杉浦光子 SUGIURA MITSUKO

 

自宅を開放しての「わらべの家」の活動をはじめ、福祉活動と呼ばれることを肩肘張らず、好きにやってきた私。思えば遠くへ来たもんだ…と、ようやく立ちどまって振り返っている。そしていま私の生活をしめるのがホームヘルパーとしてお年寄りや障害のある人のもとへ顔を出すこと。ヘルパーになった動機は、地元で長年続けている「老いを考える会」のお年寄りから、「あんたみたいな人がヘルパーに来てくれるなら利用したいけど」と、よく言われていたからかもしれないが、実際は低額で受けられる2級研修の抽選にとおったから。いつも私のやることは、成り行きまかせ、風まかせの感がある。

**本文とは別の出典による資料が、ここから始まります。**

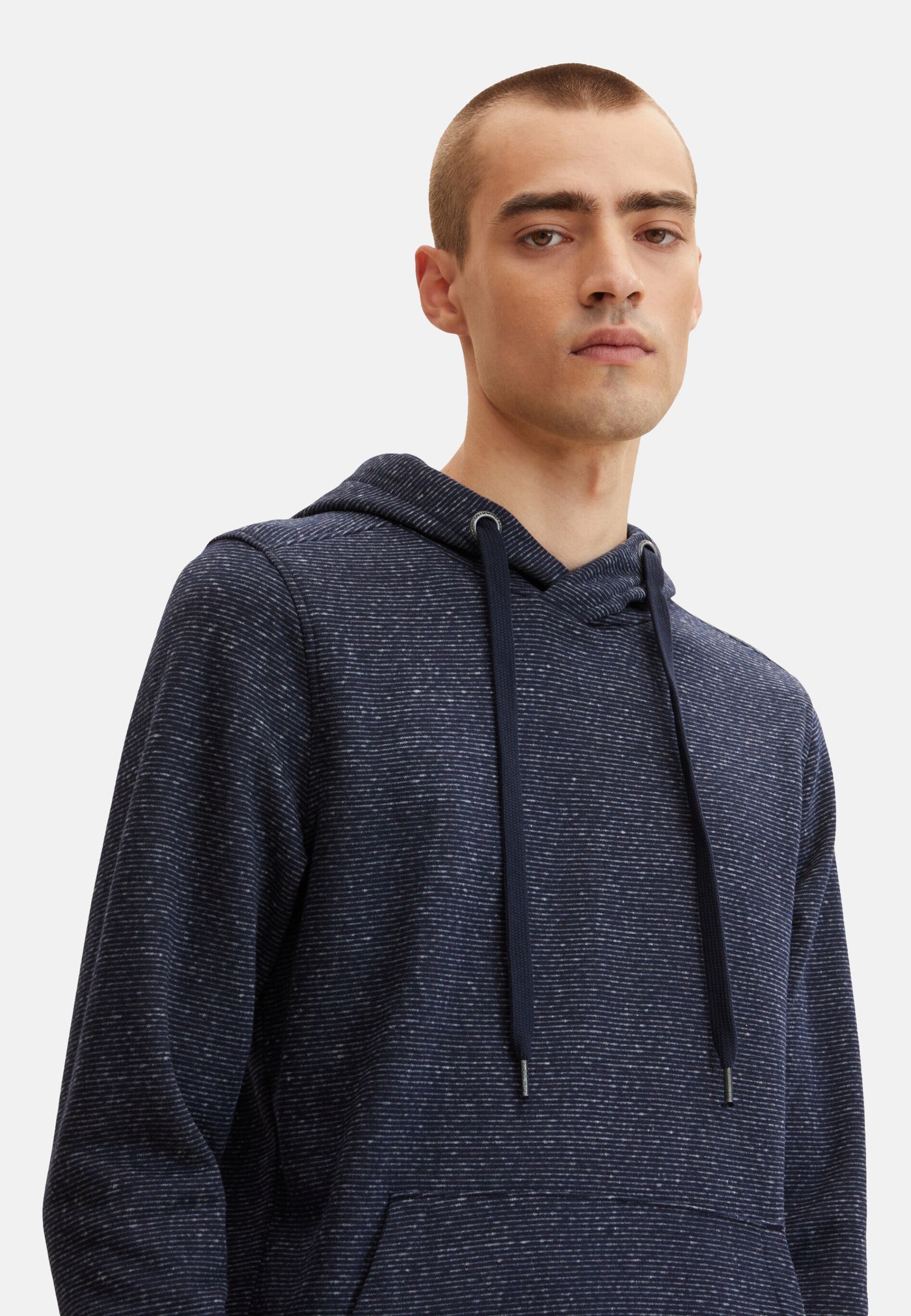 Tom Tailor Kapuzensweatshirt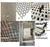 Pull Out Vegetable Drawer Racks -Produce Drawer Box, Vented Bottom , Perforated Stainless steel, Choose sizes and material.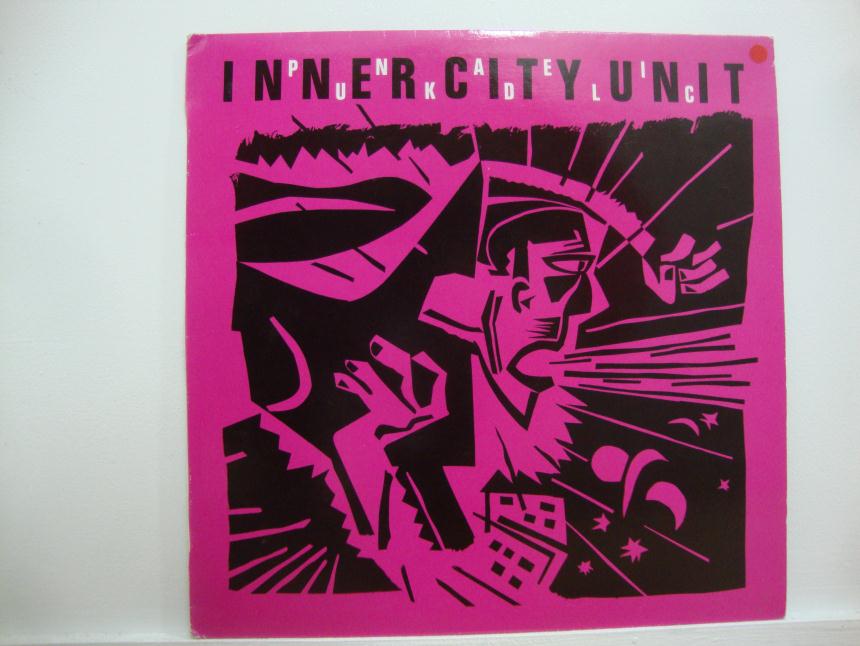 articulosg_imagen1_215.jpg DISCO DE VINILO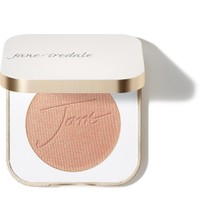 Delixa Jane Iredale Allık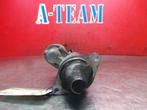 STARTMOTOR Daewoo / Chevrolet Kalos (SF48) (01-2002/05-2008), Auto-onderdelen, Gebruikt, Daewoo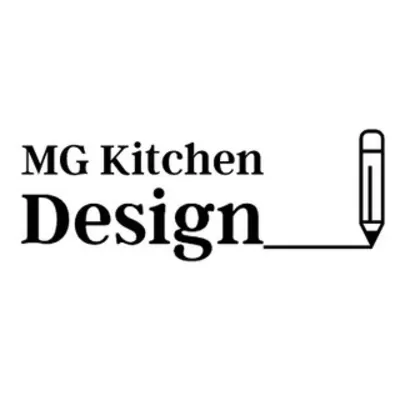 MG Kitchen Design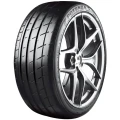 Bridgestone Potenza S007 Urheilurengas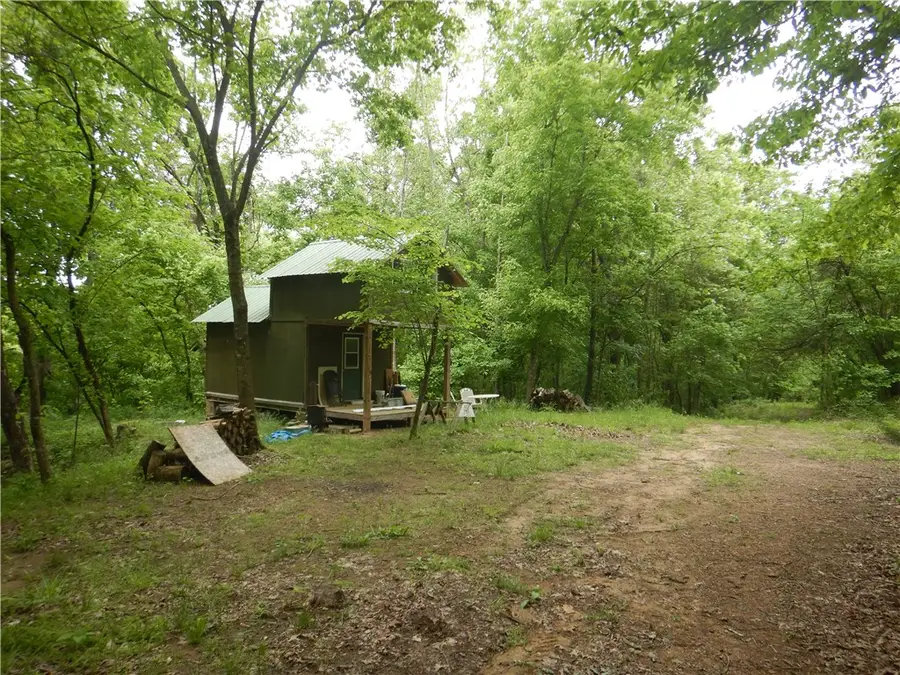 TBD Madison 2707, Kingston, AR 72742 - Image #2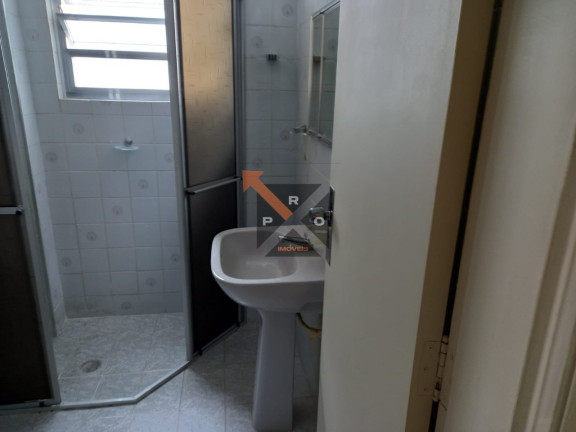 Imagem Imóvel com 1 Quarto à Venda, 57 m² em Jardim Paulista - São Paulo Imagem Imóvel com 1 Quarto à Venda, 57 m² em Jardim Paulista - São Paulo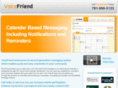 voicefriend.net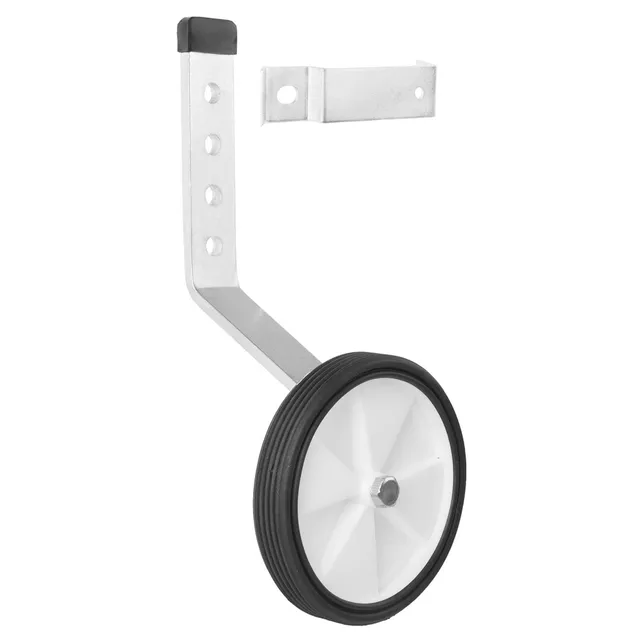 Stabilizačné kolieska M-Wave Pole Position 12-20"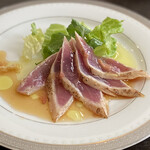 ビストロ レガーロ - 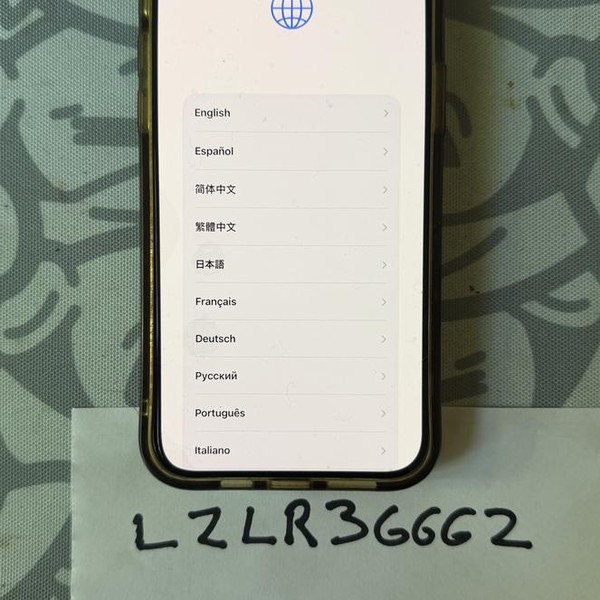 Apple iPhone 15 Pro Max - Xfinity, 256 GB, Natural, A2849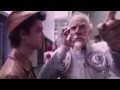 Alice - Go Go - 30 Seconds to Mars 
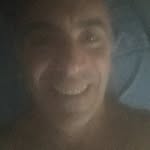 Sergio Bellotti - @serbellotti - Instagram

私のヘルパー事始めは、81歳のAさん(女性)の家事援助(介護保険前の自費の方)。2時間でやってほしい業務をメモ帳に箇条書きにして待っている。無駄な動きをしないように私の仕事ぶりを見張っている。2階を掃除するときは目覚まし時計を持たされ、時間を見計らってやれと言う。時折、「順調に進んでいますか?」と、階下から怒鳴る。最初は驚いたが、足が不自由で階段の上り下りが困難なこと、息子さんやお嫁さんとの確執、兄弟との折り合いの悪さ…あれこれ聞いていくうちに、Aさんの孤独感、さびしさが伝わってきて、どんな厳しい業務も笑ってこなすことができた。どこの事業所もそうかもしれないが、初心者の私を数年の経験者でとおしていた。しかし、Aさんは見抜いていたのかもしれない。

「あんたは、時々ヘマするし、まだまだ鍛えないといけない。でも、心根のいい人だ。仕事ができるだけじゃヘルパーはダメだ。あんたは、どこへ行っても喜ばれるよ。しっかりやりなさい」と、励ましてくれた。